Each column in a table holds a certain kind of data and a field stores the actual value of an attribute.
The rows in the table represent a collection of related values of one object or entity.
Each row in a table could be marked with a unique identifier called a primary key, and rows among multiple tables can be made related using foreign keys.
This data can be accessed in many different ways (e.g. using SQL) without reorganizing the database tables themselves.
What is a Relational Database:
NoSQL#
No-SQL databases refer to high-performance, non-relational data stores. Instead of joining tables of normalized data, NoSQL stores unstructured or semi-structured data, often in key-value pairs or JSON documents. NoSQL databases include several different models for accessing and managing data, each suited to specific use cases (Microsoft, 2021):
Model |
Characteristics |
Open Source |
---|---|---|
Document Store |
Data and metadata are stored hierarchically in JSON-based documents inside the database. |
MongoDB, CouchDB |
Key Value Store |
The simplest of the NoSQL databases, data is represented as a collection of key-value pairs. |
Redis |
Wide-Column Store |
Related data is stored as a set of nested-key/value pairs within a single column. |
HBase, Cassandra |
Graph Store |
Data is stored in a graph structure as node, edge, and data properties. |
Neo4j |
Hadoop ecosystem#
The Apache Hadoop software library is a big data framework that allows for the distributed storing and processing of large data sets.
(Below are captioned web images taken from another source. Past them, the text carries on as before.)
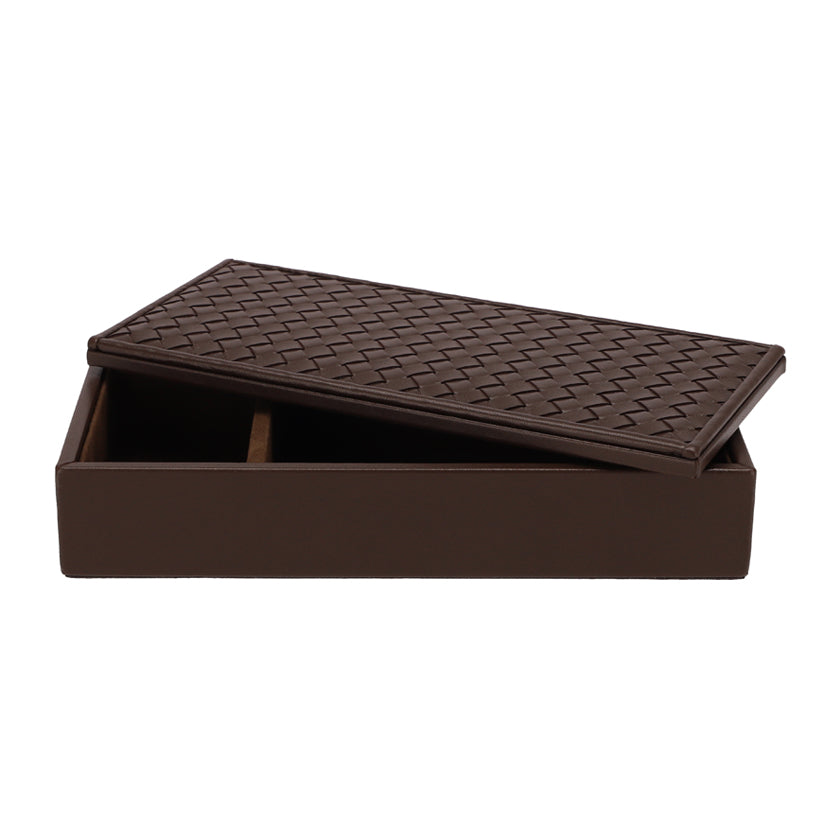 RECTANGULAR BOX HAND-WOVEN LEATHER CHOCO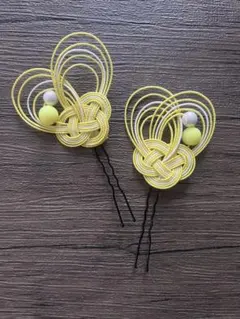 イエロー系水引髪飾り！753に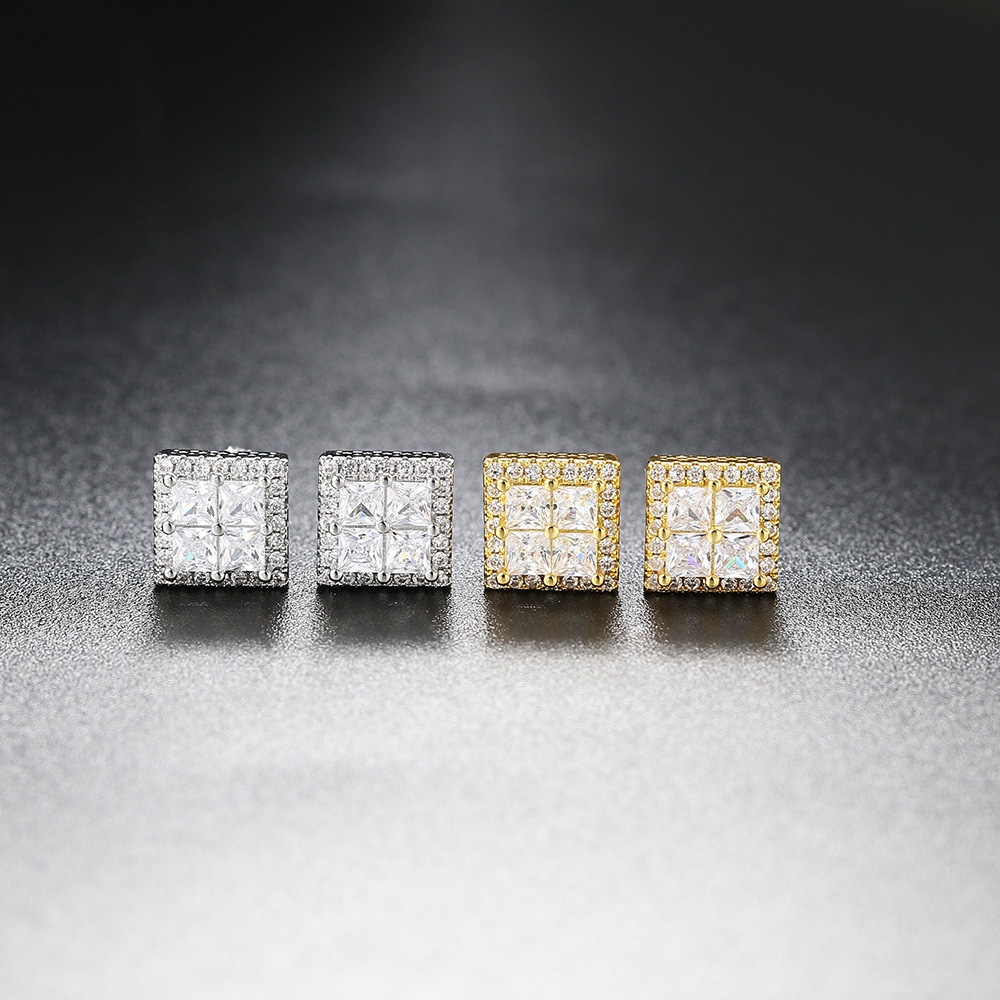 5g Weight Copper Ear Needle Material White Gold Plated, Gold Plated Plating Material Zircon Inlay Material Ear Studs Classification 1 Pair Quantity Daily, Party, Street Occasion Copper Material Round, Square, Heart Shape Pattern Unisex Gender Plating, Inlay Design Hip-Hop Style Gold, Silver Color 1 Pair Hip-Hop Round Square Heart Shape Plating Inlay Copper Zircon White Gold Plated Gold Plated Ear Studs 12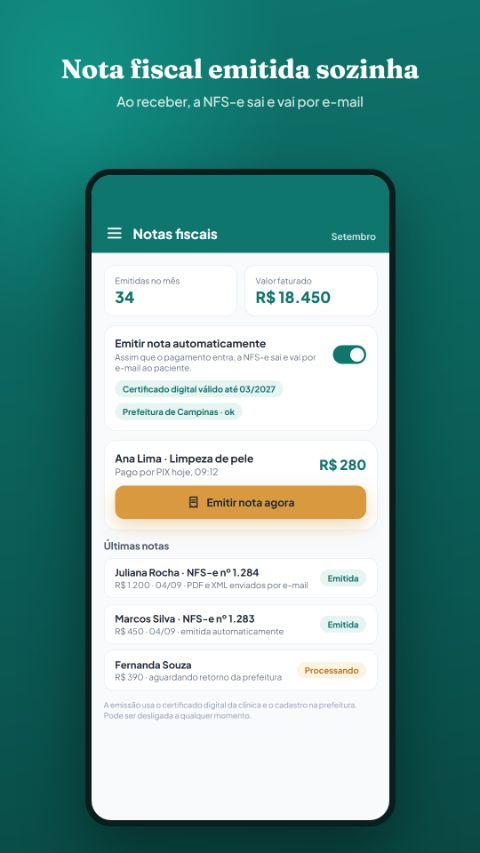 Nota fiscal automática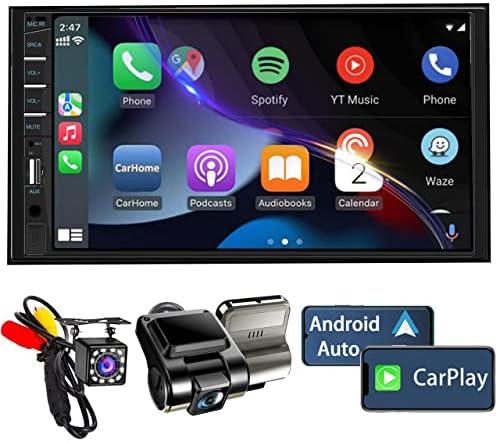Naifay Double Din Car Stereo with Dash Cam | 7INCH Touchscreen Car Radio Receivers Support with Apple Carplay & Android Auto, Bluetooth, Backup Camera, Mirror Link, Voice Control, SWC, FM/USB/TF/AUX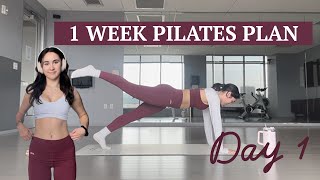 Day 1 Pilates Plan  strong amp toned abs  beginner friendly Pilates Challenge [upl. by Gelya]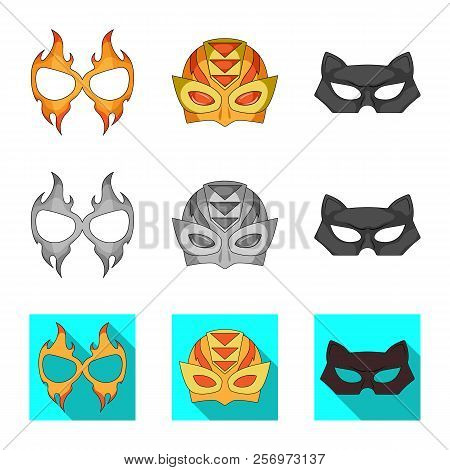 Vector Design Of Hero And Mask Icon. Set Of Hero And Superhero Stock Vector Illustration.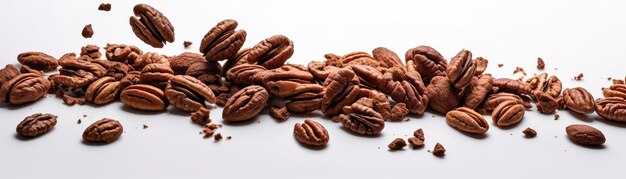 Un mucchio di noci pecan su uno sfondo bianco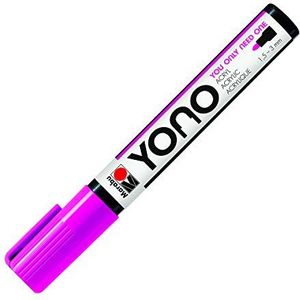 Marabu YONO 12400103334 neon roze marker 334 van veelzijdig acryl met 1,5 tot 3 mm Japanse ronde punt op waterbasis, licht- en waterbestendig, voor bijna alle oppervlakken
The Apache Software Foundation provides several open source big data libraries, but here we will mainly focus on the Hadoop Distributed File System, which is a distributed file system for storing large data sets (a typical file in HDFS is gigabytes to terabytes in size):
Picture source: Du (2018)
HDFS follows the Master-Slave architecture pattern. Two sub-components, namely NameNode and DataNode, are present in master and slave nodes respectively (Tomcy & Pankaj, 2017):
The DataNode stores the application data and NameNode stores the filesystem metadata. The communication between NameNode and DataNode is through TCP-based protocols and is quite reliable and high-performant.